# Best Background Color for Tangs?



## dbcb314 (Jan 7, 2012)

Pretty simple.

I have historically used black painted backgrounds on my tanks, but right now I have a blue/dark blue thing due to laziness (was my wife's class room tank and that is what was on there). I am thinking of using black, but I am afraid it will cause my muzi comp and black calvus to darken up and lose their color (or contrast of color).

What color do you guys/gals use for your tang tanks to pop out their color? My substrate is white sand btw.


----------



## Razzo (Oct 17, 2007)

dbcb314 said:


> Pretty simple.
> 
> I have historically used black painted backgrounds on my tanks, but right now I have a blue/dark blue thing due to laziness (was my wife's class room tank and that is what was on there). I am thinking of using black, but I am afraid it will cause my muzi comp and black calvus to darken up and lose their color (or contrast of color).
> 
> What color do you guys/gals use for your tang tanks to pop out their color? My substrate is white sand btw.


I like a black background. The only background I would like better is a BTN (but that is not in the budget just yet).

Muzi gold head comp with black background (Male)









Female









Substrate is pretty light though....

I have noticed in black calvus that colours are more related to mood than aquascaping.

BTN: Tanganyaika
http://backtonature.se/lakeside-of-africa/
http://backtonature.se/tanganyika-150-x-50-cm/

Russ


----------



## dbcb314 (Jan 7, 2012)

Razzo said:


> dbcb314 said:
> 
> 
> > Pretty simple.
> ...


Cool thanks.

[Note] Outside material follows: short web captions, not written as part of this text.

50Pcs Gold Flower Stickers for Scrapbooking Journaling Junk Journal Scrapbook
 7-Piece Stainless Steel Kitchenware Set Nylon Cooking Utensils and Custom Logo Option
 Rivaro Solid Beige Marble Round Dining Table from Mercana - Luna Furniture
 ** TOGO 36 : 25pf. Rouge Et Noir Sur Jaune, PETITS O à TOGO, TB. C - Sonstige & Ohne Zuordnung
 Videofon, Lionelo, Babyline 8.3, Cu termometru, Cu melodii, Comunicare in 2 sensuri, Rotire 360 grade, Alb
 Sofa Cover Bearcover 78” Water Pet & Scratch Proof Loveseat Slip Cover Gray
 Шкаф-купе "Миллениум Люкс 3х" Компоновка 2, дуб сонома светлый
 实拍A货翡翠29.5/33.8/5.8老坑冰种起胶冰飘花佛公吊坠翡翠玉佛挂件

Thanks for the pics too.

I have the black paint out and ready... just need to get off my butt lol


----------



## DJRansome (Oct 29, 2005)

The only Tang I found (so far) better over white is leleupi. Mine were "dirty" over black and brilliant over beige sand.


----------



## Razzo (Oct 17, 2007)

White substrate can make for some challenging photos esp when the fish is darker. The white gets over exposed when taking the light meter reading on the fish.


----------



## TMB60 (Jan 6, 2011)

I currently have tanks with solid black and solid blue backgrounds. In general, I think the fish look better against the black.

I use white substrate but admit it's a mixed blessing. There is some glare off of it from the lights which I don't like (more pronounced in shallower 
tanks). On the other hand, I like that I can see where the "dirt" is when I vacuum.

Tom


----------



## dbcb314 (Jan 7, 2012)

Thanks for the responses. Probably going to paint the background today.

The only camera I have is a cell phone so I don't worry too much about glare lol. Least of my phot taking problems 

The thing I hate about white sand is that keeping it looking clean is a full time job.


----------



## littleolme (Nov 1, 2011)

I found black sand just as hard to keep looking clean as the white, perhaps even harder.

+1 on the black background.


----------



## SikkAquariums (Aug 14, 2012)

So I have Tropheus Dubossii and Frontosas and will have a mixed black/white chichlid sand, will black background show true colors and make the spots/stripes on my dubosii stand out more/better??


----------



## Deeda (Oct 12, 2012)

SikkAquariums said:


> So I have Tropheus Dubossii and Frontosas and will have a mixed black/white chichlid sand, will black background show true colors and make the spots/stripes on my dubosii stand out more/better??


If you don't have an existing background on the tank now, just add some black fabric or construction paper and see if you notice a difference.


----------



## dmiller328 (Nov 17, 2008)

I agree with others that the best is black background along with the black and white cichlid sand or light beige pool filter sand.

Nothing will wash out most Tang cichlids faster than a blue blackground,it looks somewhat natural but it must be camo for the fish.


----------



## SikkAquariums (Aug 14, 2012)

for "painting" the background, what kind of paint would be recommended for use in fish tanks??


----------



## Cooder (Jul 19, 2011)

Acryllic for sure. easier to remove with metho and a razor blade.

and the people saying that being able to see the poo on light sand a pain? i believe its a mixed blessing as if you see the stuff you want to get it out which results in a cleaner more healthy environment for the more fragile tangs...


----------



## growpower (Jan 22, 2010)

SikkAquariums said:


> for "painting" the background, what kind of paint would be recommended for use in fish tanks??


 Hopefully this was just a typo not IN the tank - outside on the back glass. The last tank I set up I got some black vinyl that is used for Signs and car logos, it adhered great with water and a squeegee. It was fast and clean.


----------